Archive for the ‘Verification Planning’ Category

Serious Challenges to Verification Teams

Posted on August 17th, 2010 by admin

What do you see as a serious challenge to verification? In a recent survey, we asked 24 processor verification engineers what they thought were the most daunting problems facing them today. Do you agree with these results? Why not contribute to the discussion and let your thoughts be known?

[click image to enlarge]

Challenges-in-Processor-Verification

Power7 Verification: It’s Not Rocket Science (It’s More Advanced)

Posted on May 26th, 2010 by admin

By Hemendra Talesara

Complexity

In his recent presentation discussing verification of the Power7 processor, John Ludden of IBM opened with a quote from an IBM exec more than a decade ago. “it’s not rocket science”- a perception held by some members of the management and design communities at that time.

However, designs have become a whole lot more complex over time. The Power7 processor at 45nm has 1.2B transistors on a 567 sq. mm die, supporting 8 cores with 4 threads each, an on-chip eDRAM, 3 levels of caches and 2 DDR memory controllers. Yet as verification complexity multiplies in this multi-threaded design, it’s very helpful to have some of the more advanced tools and methodology at your disposal.

Tools and Methodology

Fortunately for Ludden and the Power7 team, IBM has invested in verification technology for years (in spite the quote from the exec). The company continues to develop and rely on in-house tools for many of the advanced verification technologies for processor-specific testing. These include the test-bench, multi-thread test generators, hardware accelerators, formal and semi-formal tools, micro-architecture checkers (API based), cache coherency checkers and coverage tools. Exercisers
originally developed for post-silicon validation were used to exploit the hardware acceleration platform. Forty-five thousand coverage points were organized to assist with big picture and were used to re-direct the test generator and exercisers for accelerators.

To support corner case testing for events that occur rarely, especially in multi-threaded scenarios, software irritator threads were used. These irritators are capable of creating the worst possible contentions. Through their application, twenty-three high quality bugs were revealed hiding in the corners.

A methodical application of these tools and technology clearly captured and advanced the industry best practices.

Designing for Verification

Designing for Verification was an important element in managing the overall risk to verification time line. IBM minimized the risks by maintaining a tight interaction between the specification and verification teams during the design phase and allowing the verification team to maintain architectural changes. “Chicken switches” were placed in silicon that allowed verification team to back-off an area considered risky or possible of otherwise compromising the verification effort. These switches provide workarounds, with some small impact on performance but no functional change, for accessing difficult to verify micro architectural features. Hardware irritators were also used to enable stress testing of corner cases in both pre-silicon and post-silicon testing.

Conclusion

The Power7 draws many architectural features from the Power5 and 6 designs, although it is a much more complex and powerful processor with a much shorter verification cycle. Ludden and the Power7 team accomplished this remarkable feat with a lot of foresight in planning, metrics collection and careful execution. Tight interlocking between metrics collected and verification plan was key part of tracking mechanism and functional closure. This project should serve as an example of how to plan for and manage risks in a complex verification project.

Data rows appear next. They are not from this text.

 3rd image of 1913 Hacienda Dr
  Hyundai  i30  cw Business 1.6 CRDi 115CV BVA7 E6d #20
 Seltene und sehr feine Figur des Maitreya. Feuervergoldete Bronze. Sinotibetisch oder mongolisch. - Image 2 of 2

Kudos to John and the IBM team. His full presentation can be downloaded here.

Intelligent Testbench vs. Random Test Generator

Posted on March 11th, 2010 by admin

By Melanie Typaldos

The idea of an intelligent testbench has long been of interest in functional processor verification, although it has always seemed to fall short of expectations when it comes down to just what degree of “intelligence” is really involved. Throughout this document, we will present the argument that a sophisticated, well-evolved, dynamic random test generator, when used as part of a complete verification plan, can be of more value than marketing-driven intelligent verification products.

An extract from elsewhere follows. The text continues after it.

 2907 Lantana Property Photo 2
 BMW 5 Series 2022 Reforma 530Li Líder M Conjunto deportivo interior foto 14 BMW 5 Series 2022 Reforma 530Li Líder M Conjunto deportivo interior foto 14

Defining Intelligent Testbench

An accurate definition of “intelligent testbench” is difficult to find, so let’s begin with that offered by Wikipedia. The intelligent testbench is described as something that “uses information derived from the design and existing test description to automatically update the test description to target design functionality not verified, or covered by the existing tests”[1]. This implies that a feedback loop exists which is capable of creating new test sequences based on what has and has not yet been tested. Other than this closed loop system, the concept is very similar to that of a random test generator.

Not all Test Generators are Created Equally

I remember at one time, we were speaking with a potential client who said something along the lines of “I don’t know why you people want so much money for this RAVEN thing. I can just get a co-op to write one in a week.” He wasn’t wrong in his assumption that a relatively unskilled engineer could conceivably write a generator in a short amount of time. However, the old adage remains that you get what you pay for. A generator of this sort would be incapable of effectively verifying a design of any complexity whatsoever. This is analogous to running every instruction followed by every other instruction and calling verification complete. There are no standard methodologies for constructing test generators, and each one will have different methods for achieving randomness, different capabilities in pipeline exploration, varying abilities in multi-processor testing, etc.

Functional Coverage

Many intelligent testbench products claim to automatically create test sequences based on pre-designated coverage points. However, the belief that hitting every coverage point means that your design is verified is a big mistake. By the very fact that coverage points are singular points in a vast space, they cannot cover the entire design. Engineers can work hundreds of hours writing more coverage points, but it will never be enough to completely verify the design. Because of this, our test generator uses templates (created by engineers) that automatically create sequences to hit not only the coverage point, but also other behaviors around that point.

Figure 1. Abbreviated Flow of Randomness

Random Stimulus Compared to Feedback Looping

RAVEN is very good at what it does; it is designed to hit both simple and complex behaviors randomly with little direction from human users. For instance, if we’re looking at instruction A followed by instruction B with operands X, Y and Z, then we’re going to hit that randomly with ease. Constrained-random templates can replace 95-98% of all directed test sequences. It’s only a matter of time and simulation power applied before we randomly hit all of these simple scenarios and many of the complex ones as well.

The whole point here is that coverage points that are easy to direct (i.e. via feedback), will have already been covered by virtue of random testing. Highly complex behaviors and difficult-to-reach corner cases require a significant degree of architectural knowledge, and they are too difficult and too architecturally dependent to effectively be covered by a piece of software. If an effective feedback loop could be done with good logic or programming skills, we would have already done it.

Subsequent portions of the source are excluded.